Безжизненное тело скользнуло в воду с широкой спины Ящера, белые одежды намокли и потемнели. Младу показалось, что Волхов окрасился кровью, которую течение понесло на север, туда, где нетвердо держался за берега тонкий лед.
– Он убил моего отца, – шепнул Волот.
Ящер развернул огромное тело, когда белые одежды скрылись подо льдом, Ширяй вылетел на лед над ними и проехал по нему коленями. Грозовая туча, сверкая зарницами, двинулась к Новгороду – два вечных противника, Ящер и Перун, уходили с поля боя вместе, один под водой, другой – по небу.
А Ширяй так и сидел на коленях, согнувшись и закрывая ладонью лицо. Млад поднял Волота на ноги и побежал к ученику, увлекая князя за собой по скользкому берегу, омытому волнами. Дружина, напротив, двинулась назад, обгоняя своего небесного покровителя, – рассказать Новгороду об увиденном чуде, выкрикивая славу то громовержцу, то темному богу подводных глубин.
Солнце осветило Волхов тысячью лучей и окрасило свинцовую воду в синий цвет. Лик Хорса смотрел на мокрого мальчика, одиноко скорчившегося на льду, и Дажьбог проливал на него свое скудное зимнее тепло. Однорукий кудесник беззвучно плакал, размазывая слезы по лицу, и дрожал от холода.
Млад склонился над ним и погладил волосы, покрывшиеся инеем.
– Ну что ты, мальчик мой?
– Мстиславич, ты прав. В мести нет никакого смысла… Никакого смысла! Ни в мести, ни в ненависти! Я не хочу больше такой силы, не хочу…

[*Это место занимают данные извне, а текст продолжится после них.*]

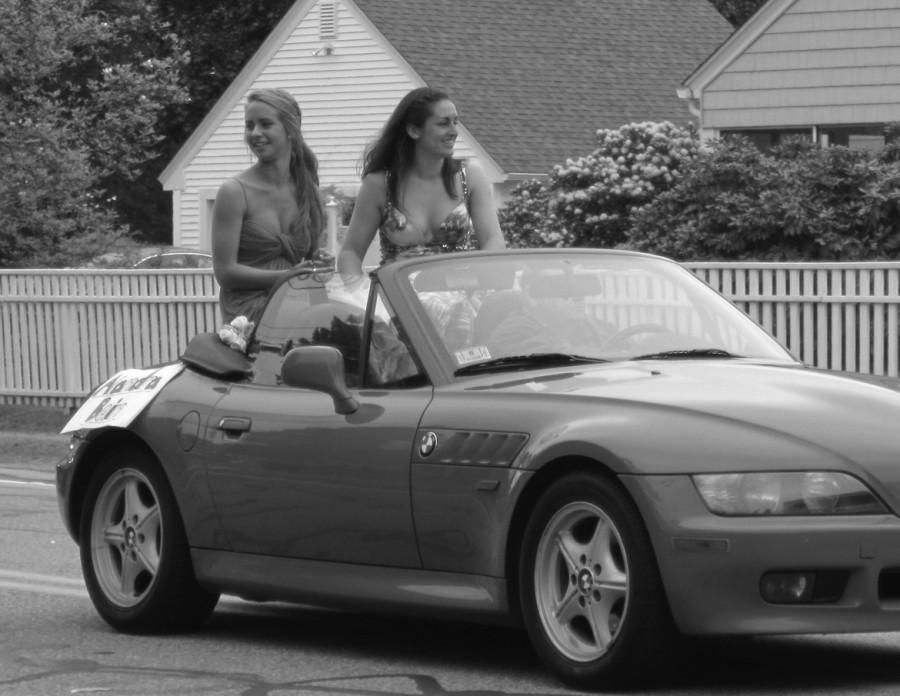 Alandra Bain and Stephanie Sullivan catching the breeze in their car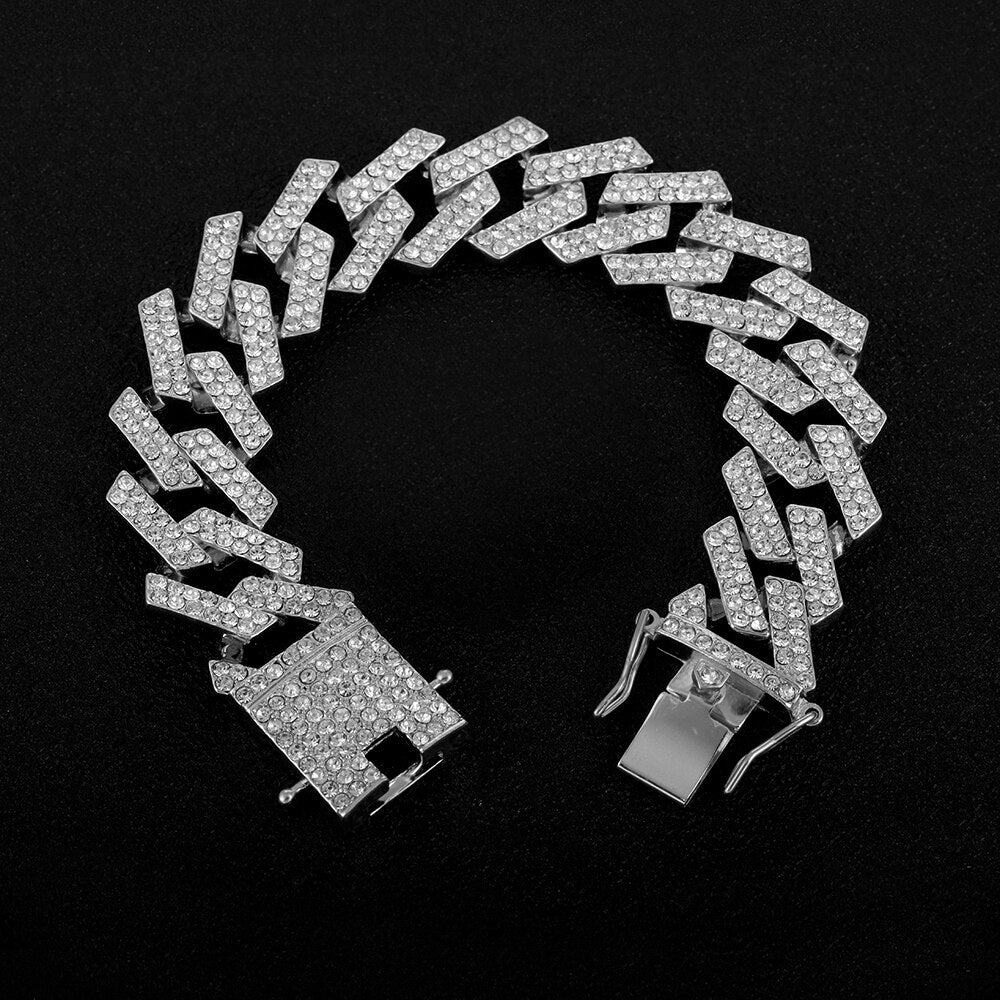 Hip Hop Bracelet Bling Iced Out Miami Zircon Cuban Prong Pave Rhinestone Men Bracelet Necklace for Men Jewelry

– Пойдем домой. Ты замерзнешь, – Млад снял полушубок и накинул Ширяю на плечи.
Чернота Свиблов приехал к обеду, славил родных богов и косился на Ширяя, сидевшего у печки и закутанного в две шубы.
– Волот Борисович… я все понимаю, – начал боярин осторожно, – но так нельзя.
– Уходи, – Волот набычился.
– Право, кроме спасения твоей жизни, на Руси есть много других, не менее важных, дел.
– Я знаю, – холодно ответил князь. – Я пойду на зов родных богов.
– С кем? С ним? – Свиблов кивнул на Млада. – Ты, наверное, забыл: год назад у него умер ученик! И ему он тоже обещал защиту родных богов и хулил христианского бога.
– Уходи, – отрезал Волот. – Я вернусь через двадцать дней.
– За эти двадцать дней слишком многое может случиться, – Свиблов посмотрел на князя со значением.
– Ты слышал, что тебе сказали? – подал голос Ширяй. – Уходи. За эти двадцать дней ничего не случится, ты понял?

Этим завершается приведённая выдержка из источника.